In a filing in San Francisco federal court, President Barack Obama adopted the same
position as his predecessor. With just hours left in office, President George W. Bush late
Monday asked U.S. District Judge Vaughn Walker to stay enforcement of an
important Jan. 5 ruling admitting key evidence into the case.
Thursday's filing by the Obama administration marked the first time it officially
lodged a court document in the lawsuit asking the courts to rule on the constitutionality
of the Bush administration's warrantless-eavesdropping program. The former president
approved the wiretaps in the aftermath of the Sept. 11, 2001, terror attacks.
"The Government's position remains that this case should be stayed," the
Obama administration wrote (.pdf) in a filing that for the first time made clear the new
president was on board with the Bush administration's reasoning in this case.
The government wants to appeal Walker's decision to the 9th U.S. Circuit Court of
Appeals in San Francisco, a legal maneuver requiring Judge Walker's approval. A hearing in
Walker's courtroom is set for Friday.
The legal brouhaha concerns Walker's decision to admit as evidence a classified
document allegedly showing that two American lawyers for a now-defunct Saudi charity were
electronically eavesdropped on without warrants by the Bush administration in 2004.

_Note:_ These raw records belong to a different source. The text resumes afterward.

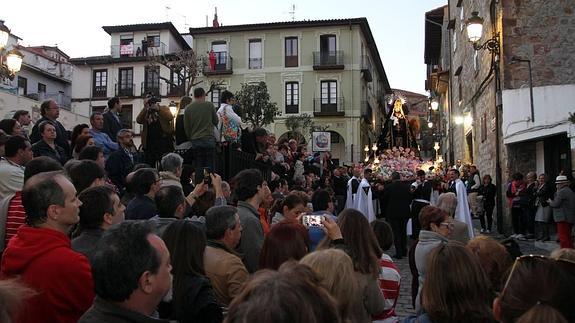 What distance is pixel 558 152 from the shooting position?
1423 cm

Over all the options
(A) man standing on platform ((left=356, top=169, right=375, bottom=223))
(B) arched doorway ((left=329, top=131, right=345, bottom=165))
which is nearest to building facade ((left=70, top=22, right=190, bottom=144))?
(B) arched doorway ((left=329, top=131, right=345, bottom=165))

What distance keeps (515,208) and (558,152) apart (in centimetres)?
184

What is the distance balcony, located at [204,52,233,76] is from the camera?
4166cm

The lawyers Wendell Belew and Asim Ghafoo sued the Bush administration
after the U.S. Treasury Department accidentally released the Top Secret memo to them. At
one point, the courts had ordered the document, which has never been made public, returned
and removed from the case.
The document's admission to the case is central for the two former lawyers of the
Al-Haramain Islamic Foundation charity to acquire legal standing so they may challenge the
constitutionality of the warrantless-eavesdropping program Bush publicly acknowledged in
2005.
The Friday hearing is needed, because disputes with pretrial decisions generally
require the trial judge to permit an appeal.
The Obama administration is also siding with the former administration in its legal
defense of July legislation that immunizes the nation's telecommunications companies from
lawsuits accusing them of complicitity in Bush's eavesdropping program, according
to testimony last week by incoming Attorney General Eric Holder.

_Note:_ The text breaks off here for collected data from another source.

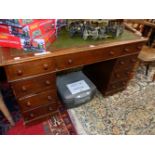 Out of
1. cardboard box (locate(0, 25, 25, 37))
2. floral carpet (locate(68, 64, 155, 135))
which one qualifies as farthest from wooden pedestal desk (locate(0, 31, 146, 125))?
floral carpet (locate(68, 64, 155, 135))

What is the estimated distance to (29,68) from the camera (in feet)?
3.40

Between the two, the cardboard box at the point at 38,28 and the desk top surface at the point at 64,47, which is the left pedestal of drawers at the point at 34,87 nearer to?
the desk top surface at the point at 64,47

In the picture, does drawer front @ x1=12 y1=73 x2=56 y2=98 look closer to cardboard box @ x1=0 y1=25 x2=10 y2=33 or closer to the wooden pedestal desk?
the wooden pedestal desk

That immunity legislation, which Obama voted for when he was a U.S. senator from
Illinois, was included in a broader spy package that granted the government wide-ranging,
warrantless eavesdropping powers on Americans' electronic
communications.
A decision on the constitutionality of the immunity legislation is pending before Judge
Walker in a separate case brought by the Electronic Frontier Foundation.